Надя пожала плечами, машинально сунула руку в карман платья. Под пальцами хрустнула бумажка. Как она забыла? Это же справка из сельсовета о том, что фельдшер села Дубовки Ильина Н. М. командируется в Воронеж на недельные курсы. И печать, и подпись председателя. В этом платье она и ездила тогда.

— Вот, — обрадованная находкой, подала бумажку.

Капитан внимательно прочитал справку, испытующе поглядел на молодую женщину.

— Почему вы раньше не пошли на военную службу? Имею в виду, до оккупации.

— Раньше? Не могла.

— Все-таки, этого маловато, — капитан возвратил справку и, заметив огорчение в ее глазах, добавил: — Идите в военный госпиталь, там не хватает медперсонала. Я позвоню, предупрежу командование.

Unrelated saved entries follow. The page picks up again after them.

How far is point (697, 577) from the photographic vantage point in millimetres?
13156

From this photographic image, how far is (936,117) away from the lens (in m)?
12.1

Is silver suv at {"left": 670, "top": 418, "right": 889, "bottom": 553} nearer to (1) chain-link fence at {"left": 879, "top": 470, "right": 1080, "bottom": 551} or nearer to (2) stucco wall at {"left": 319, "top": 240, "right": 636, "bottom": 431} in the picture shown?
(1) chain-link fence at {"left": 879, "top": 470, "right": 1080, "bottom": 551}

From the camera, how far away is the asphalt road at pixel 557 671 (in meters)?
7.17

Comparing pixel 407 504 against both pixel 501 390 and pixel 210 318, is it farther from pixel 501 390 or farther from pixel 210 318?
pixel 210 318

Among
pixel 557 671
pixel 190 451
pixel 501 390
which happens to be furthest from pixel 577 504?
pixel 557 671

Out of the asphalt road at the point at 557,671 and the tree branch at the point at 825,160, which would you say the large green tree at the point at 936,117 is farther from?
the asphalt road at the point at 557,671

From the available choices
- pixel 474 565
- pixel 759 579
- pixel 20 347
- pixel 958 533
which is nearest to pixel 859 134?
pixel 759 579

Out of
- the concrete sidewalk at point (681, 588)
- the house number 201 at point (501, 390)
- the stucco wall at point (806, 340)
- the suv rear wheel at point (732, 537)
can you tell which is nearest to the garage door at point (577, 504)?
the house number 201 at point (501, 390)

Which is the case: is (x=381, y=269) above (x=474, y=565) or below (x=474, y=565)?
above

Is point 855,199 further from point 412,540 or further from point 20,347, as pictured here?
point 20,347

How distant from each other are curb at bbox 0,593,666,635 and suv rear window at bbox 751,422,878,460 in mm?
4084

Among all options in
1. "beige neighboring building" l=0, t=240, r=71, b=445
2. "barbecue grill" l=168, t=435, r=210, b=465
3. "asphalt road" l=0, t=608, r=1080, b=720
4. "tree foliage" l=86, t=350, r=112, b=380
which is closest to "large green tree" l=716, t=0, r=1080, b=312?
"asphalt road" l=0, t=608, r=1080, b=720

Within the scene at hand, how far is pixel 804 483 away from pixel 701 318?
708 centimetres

Надя отрицательно покачала головой и вышла на улицу. Опять ее подхватила сутолока прифронтового города, в котором она чувствовала себя неприкаянной и, как оказалось, никому не нужной. Видимо, ничего не оставалось делать, как ехать к тетке. Может, там удастся запастись документами?

— Надежда Михайловна, голубушка! — остановил ее знакомый голос. Через улицу бежал военврач Зарецкий. — Я вас ищу. Вы почему-то не подождали меня, как мы условились.

— В военкомат ходила, на фронт просилась. Не взяли.

Зарецкий не спросил, почему она круто изменила свои намерения. Собиралась жить у родственницы, и вдруг — на войну. «Впрочем, — подумал он, — у нее больше чем у кого-либо оснований, чтобы проситься на фронт».

— Отказали? Почему?

— Не могла убедить, что я фельдшер Ильина. Все мои документы утонули.

— Идемте, — Зарецкий решительно направился к военкомату.

Их принимал все тот же капитан. Теперь уже Зарецкий доказывал, что он держал в своих руках документы Надежды Михайловны Ильиной, подвозил ее к переправе, вместе попал под бомбежку.

— Охотно верю вам, но оформить без документов не могу, — насупился капитан, даже лысина его покраснела. — Время военное, существует определенный порядок, нарушать который я не имею права. Ваши слова не подошьешь к делу.

— Так, сильнее бумажки зверя нет, — Зарецкий закипел, сдернул очки, нервно протер стекла и сердито воззрился на капитана. — Живому человеку мы верить разучились. Перед вами двое, оба твердят одно и то же. Учтите, не в тыл отправить женщину просят, не теплое местечко ищут.

— Я сказал, есть же порядок…

Но чем больше упорствовал капитан, тем сильнее Надя утверждалась в своем намерении. Она понимала, формально капитан прав, но отказаться от задуманного не могла.

— Надежда Михайловна, будьте добры, выйдите на минутку в коридор, — попросил ее Зарецкий. — У нас пойдет мужской фронтовой разговор.

Закрыв дверь и медленно отходя, Надя слышала, как капитан повысил голос:

— Вы много на себя берете. Мешаете мне работать.

— Он работает, называется, — зло выкрикнул Зарецкий и добавил крутое выражение.

— За оскорбление пойдете куда следует.

— Пойду, не пугайте. Вы хотя бы спросили эту женщину, кто она, почему здесь оказалась, почему требует отправки на фронт?

— По справке с места работы из села, которое сейчас у врага, нельзя…

Надя дальше не слышала, решила, что и у Зарецкого ничего не получится.

Военврач налил из графина воды, залпом выпил и нацелил стакан, словно ствол миномета, в грудь капитана.

— Вот именно. Потому и уехала оттуда, — выпалил Зарецкий. — Вы знаете, что она встретила войну на границе и чудом спаслась? Что муж ее, капитан Ильин, очевидно, погиб?